Women don’t commit as much corporate crime as men

Orange may be the new black, but that doesn't mean many female executives are committing corporate crime. (Barbara Nitke/NETFLIX)

Orange may be the new black, but that doesn't mean female executives are committing much corporate crime. (Barbara Nitke/Netflix)

Even in corporate crime, women hit the glass ceiling.

Just nine percent of those who commit major corporate fraud are women, according to a recent study published in the American Sociological Review. And when they team up with men to commit the fraud, they reap less of a profit than their male co-conspirators.

Far less, based on the study’s review of several years of corporate fraud cases.

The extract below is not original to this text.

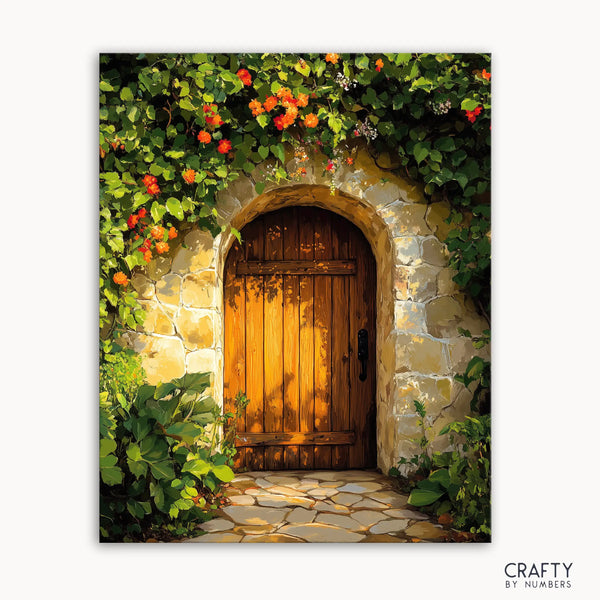 A canvas paint by numbers kit depicting a rustic garden gate with a wooden door surrounded by flowers and greenery, titled 'Sunset Garden Gate'.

In mixed-sex schemes, most of the male offenders gained a half-million dollars or more, the analysis said. But 56 percent of the women did not profit at all, and 8 percent profited very little. Less than 10 percent of defendants who made very high illicit gains were women. (Of course, those who are caught and convicted in the schemes don't get to keep those profits.)

Yes, women are less likely to occupy the top management positions that open up some opportunities for lucrative financial fraud, said Darrell Steffensmeier, lead author of the study and a sociology professor at Pennsylvania State University. Typically, they’re not high enough up the chain to give themselves bonuses, raises or kick-backs, Steffensmeier said.

But there’s also a more nuanced side to the gender gap.

For starters, the old boys’ network thrives in corporate crime schemes, which tend to be group-centric, Steffensmeier said. Women are bypassed when opportunities arise.

“Men lead these conspiracies, and men generally prefer to work with men,” Steffensmeier said. “If they do use women, they use them because they have a certain utility or they have a personal relationship with that woman and they trust her.”

Gender expectations and risk preferences also play a role. Even if women had equal opportunities to commit a serious corporate crime, they are less likely to take risks for economic gain, according to the study, co-authored with Jennifer Schwartz of Washington State University and Michael Roche of  Pennsylvania State University. (Women also tend to make better investments than men because of this caution, other research shows.)

“Risk-taking and defying social convention are qualities more admired in men than in women,” the study said. “By extension, men find it easier than women to justify illegal wrongdoing because law-violating behavior, especially for status-seeking or financial reasons, is more compatible with male focal concerns.”

The researchers examined 83 corporate frauds involving 436 defendants from July 2002 through 2009. All were "major" indictments initiated by the Justice Department’s Corporate Fraud Task Force. By major, they mean cases involving fraud to cover up a corporation's true financial health, Ponzi schemes and insider trading -- as opposed to low-profit schemes such as embezzlement, where some studies suggest that women are on near equal footing with men.

Of the 436 defendants studied, only three women were ring leaders or co-leaders. The pattern is the same in burglary rings, gangs and other underworld crime networks, an area Steffensmeier and others have examined more thoroughly.

The analysis raises an obvious question that the authors said they can’t yet answer definitively:  Would having more female corporate leaders reduce corporate crime?

There’s ample reason to believe it would, the authors concluded. But they also said that  it’s plausible that “women who move up the corporate ladder will be socialized into the ethos of commercial interests and market dominance at all costs.”